++++ Material for this exercise ++++
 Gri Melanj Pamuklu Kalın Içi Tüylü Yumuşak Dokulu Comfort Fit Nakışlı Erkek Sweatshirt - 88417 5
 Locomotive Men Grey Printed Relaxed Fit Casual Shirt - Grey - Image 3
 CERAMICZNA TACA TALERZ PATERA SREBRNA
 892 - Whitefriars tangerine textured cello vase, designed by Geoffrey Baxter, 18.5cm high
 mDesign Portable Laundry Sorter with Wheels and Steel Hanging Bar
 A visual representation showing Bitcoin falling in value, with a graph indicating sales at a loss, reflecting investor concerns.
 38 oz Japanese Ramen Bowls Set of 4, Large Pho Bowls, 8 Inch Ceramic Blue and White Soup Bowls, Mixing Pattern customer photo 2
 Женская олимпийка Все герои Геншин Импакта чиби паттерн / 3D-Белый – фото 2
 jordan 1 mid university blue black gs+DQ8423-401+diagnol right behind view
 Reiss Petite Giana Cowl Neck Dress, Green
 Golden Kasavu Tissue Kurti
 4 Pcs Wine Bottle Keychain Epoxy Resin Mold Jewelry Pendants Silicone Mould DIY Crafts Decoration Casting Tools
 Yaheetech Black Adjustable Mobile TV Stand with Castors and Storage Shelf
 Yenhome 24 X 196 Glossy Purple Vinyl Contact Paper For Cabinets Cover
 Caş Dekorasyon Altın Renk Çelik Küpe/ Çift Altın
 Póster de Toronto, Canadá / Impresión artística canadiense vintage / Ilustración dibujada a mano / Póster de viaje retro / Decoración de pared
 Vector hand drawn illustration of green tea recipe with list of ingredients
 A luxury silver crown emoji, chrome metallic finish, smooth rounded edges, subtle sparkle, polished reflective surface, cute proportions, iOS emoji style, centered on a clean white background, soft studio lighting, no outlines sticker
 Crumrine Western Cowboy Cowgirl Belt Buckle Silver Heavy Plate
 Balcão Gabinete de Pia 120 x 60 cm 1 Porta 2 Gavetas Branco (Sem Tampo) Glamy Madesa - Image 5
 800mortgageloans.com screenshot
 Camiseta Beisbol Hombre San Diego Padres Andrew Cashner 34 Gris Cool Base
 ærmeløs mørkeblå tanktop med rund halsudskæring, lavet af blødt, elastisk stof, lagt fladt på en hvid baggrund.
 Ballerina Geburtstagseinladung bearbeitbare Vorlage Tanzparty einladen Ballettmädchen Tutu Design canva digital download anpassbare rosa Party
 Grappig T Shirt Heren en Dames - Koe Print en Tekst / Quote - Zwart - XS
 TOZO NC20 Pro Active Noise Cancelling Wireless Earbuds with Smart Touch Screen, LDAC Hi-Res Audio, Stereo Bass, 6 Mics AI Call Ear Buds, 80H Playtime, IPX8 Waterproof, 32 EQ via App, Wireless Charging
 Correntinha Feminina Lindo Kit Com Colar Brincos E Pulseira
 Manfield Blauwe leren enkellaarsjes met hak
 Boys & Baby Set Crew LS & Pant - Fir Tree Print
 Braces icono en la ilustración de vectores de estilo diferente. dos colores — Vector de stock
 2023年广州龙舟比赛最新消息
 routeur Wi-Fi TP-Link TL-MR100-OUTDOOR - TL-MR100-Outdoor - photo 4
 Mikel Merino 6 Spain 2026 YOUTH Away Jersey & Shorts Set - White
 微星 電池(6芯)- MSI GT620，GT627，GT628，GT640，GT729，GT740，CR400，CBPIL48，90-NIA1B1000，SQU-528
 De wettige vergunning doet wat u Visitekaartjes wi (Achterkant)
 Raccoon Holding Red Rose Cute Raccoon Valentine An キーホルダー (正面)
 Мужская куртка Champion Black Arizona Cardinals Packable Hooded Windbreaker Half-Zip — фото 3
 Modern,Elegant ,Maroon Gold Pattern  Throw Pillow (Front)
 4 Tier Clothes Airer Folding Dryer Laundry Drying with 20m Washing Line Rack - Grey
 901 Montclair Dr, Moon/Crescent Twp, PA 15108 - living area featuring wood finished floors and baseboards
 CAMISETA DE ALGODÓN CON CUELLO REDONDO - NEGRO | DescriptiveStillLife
++++
Aim of the task:
Retype the material above in full, with nothing altered.

Solution to this problem:
 Gri Melanj Pamuklu Kalın Içi Tüylü Yumuşak Dokulu Comfort Fit Nakışlı Erkek Sweatshirt - 88417 5
 Locomotive Men Grey Printed Relaxed Fit Casual Shirt - Grey - Image 3
 CERAMICZNA TACA TALERZ PATERA SREBRNA
 892 - Whitefriars tangerine textured cello vase, designed by Geoffrey Baxter, 18.5cm high
 mDesign Portable Laundry Sorter with Wheels and Steel Hanging Bar
 A visual representation showing Bitcoin falling in value, with a graph indicating sales at a loss, reflecting investor concerns.
 38 oz Japanese Ramen Bowls Set of 4, Large Pho Bowls, 8 Inch Ceramic Blue and White Soup Bowls, Mixing Pattern customer photo 2
 Женская олимпийка Все герои Геншин Импакта чиби паттерн / 3D-Белый – фото 2
 jordan 1 mid university blue black gs+DQ8423-401+diagnol right behind view
 Reiss Petite Giana Cowl Neck Dress, Green
 Golden Kasavu Tissue Kurti
 4 Pcs Wine Bottle Keychain Epoxy Resin Mold Jewelry Pendants Silicone Mould DIY Crafts Decoration Casting Tools
 Yaheetech Black Adjustable Mobile TV Stand with Castors and Storage Shelf
 Yenhome 24 X 196 Glossy Purple Vinyl Contact Paper For Cabinets Cover
 Caş Dekorasyon Altın Renk Çelik Küpe/ Çift Altın
 Póster de Toronto, Canadá / Impresión artística canadiense vintage / Ilustración dibujada a mano / Póster de viaje retro / Decoración de pared
 Vector hand drawn illustration of green tea recipe with list of ingredients
 A luxury silver crown emoji, chrome metallic finish, smooth rounded edges, subtle sparkle, polished reflective surface, cute proportions, iOS emoji style, centered on a clean white background, soft studio lighting, no outlines sticker
 Crumrine Western Cowboy Cowgirl Belt Buckle Silver Heavy Plate
 Balcão Gabinete de Pia 120 x 60 cm 1 Porta 2 Gavetas Branco (Sem Tampo) Glamy Madesa - Image 5
 800mortgageloans.com screenshot
 Camiseta Beisbol Hombre San Diego Padres Andrew Cashner 34 Gris Cool Base
 ærmeløs mørkeblå tanktop med rund halsudskæring, lavet af blødt, elastisk stof, lagt fladt på en hvid baggrund.
 Ballerina Geburtstagseinladung bearbeitbare Vorlage Tanzparty einladen Ballettmädchen Tutu Design canva digital download anpassbare rosa Party
 Grappig T Shirt Heren en Dames - Koe Print en Tekst / Quote - Zwart - XS
 TOZO NC20 Pro Active Noise Cancelling Wireless Earbuds with Smart Touch Screen, LDAC Hi-Res Audio, Stereo Bass, 6 Mics AI Call Ear Buds, 80H Playtime, IPX8 Waterproof, 32 EQ via App, Wireless Charging
 Correntinha Feminina Lindo Kit Com Colar Brincos E Pulseira
 Manfield Blauwe leren enkellaarsjes met hak
 Boys & Baby Set Crew LS & Pant - Fir Tree Print
 Braces icono en la ilustración de vectores de estilo diferente. dos colores — Vector de stock
 2023年广州龙舟比赛最新消息
 routeur Wi-Fi TP-Link TL-MR100-OUTDOOR - TL-MR100-Outdoor - photo 4
 Mikel Merino 6 Spain 2026 YOUTH Away Jersey & Shorts Set - White
 微星 電池(6芯)- MSI GT620，GT627，GT628，GT640，GT729，GT740，CR400，CBPIL48，90-NIA1B1000，SQU-528
 De wettige vergunning doet wat u Visitekaartjes wi (Achterkant)
 Raccoon Holding Red Rose Cute Raccoon Valentine An キーホルダー (正面)
 Мужская куртка Champion Black Arizona Cardinals Packable Hooded Windbreaker Half-Zip — фото 3
 Modern,Elegant ,Maroon Gold Pattern  Throw Pillow (Front)
 4 Tier Clothes Airer Folding Dryer Laundry Drying with 20m Washing Line Rack - Grey
 901 Montclair Dr, Moon/Crescent Twp, PA 15108 - living area featuring wood finished floors and baseboards
 CAMISETA DE ALGODÓN CON CUELLO REDONDO - NEGRO | DescriptiveStillLife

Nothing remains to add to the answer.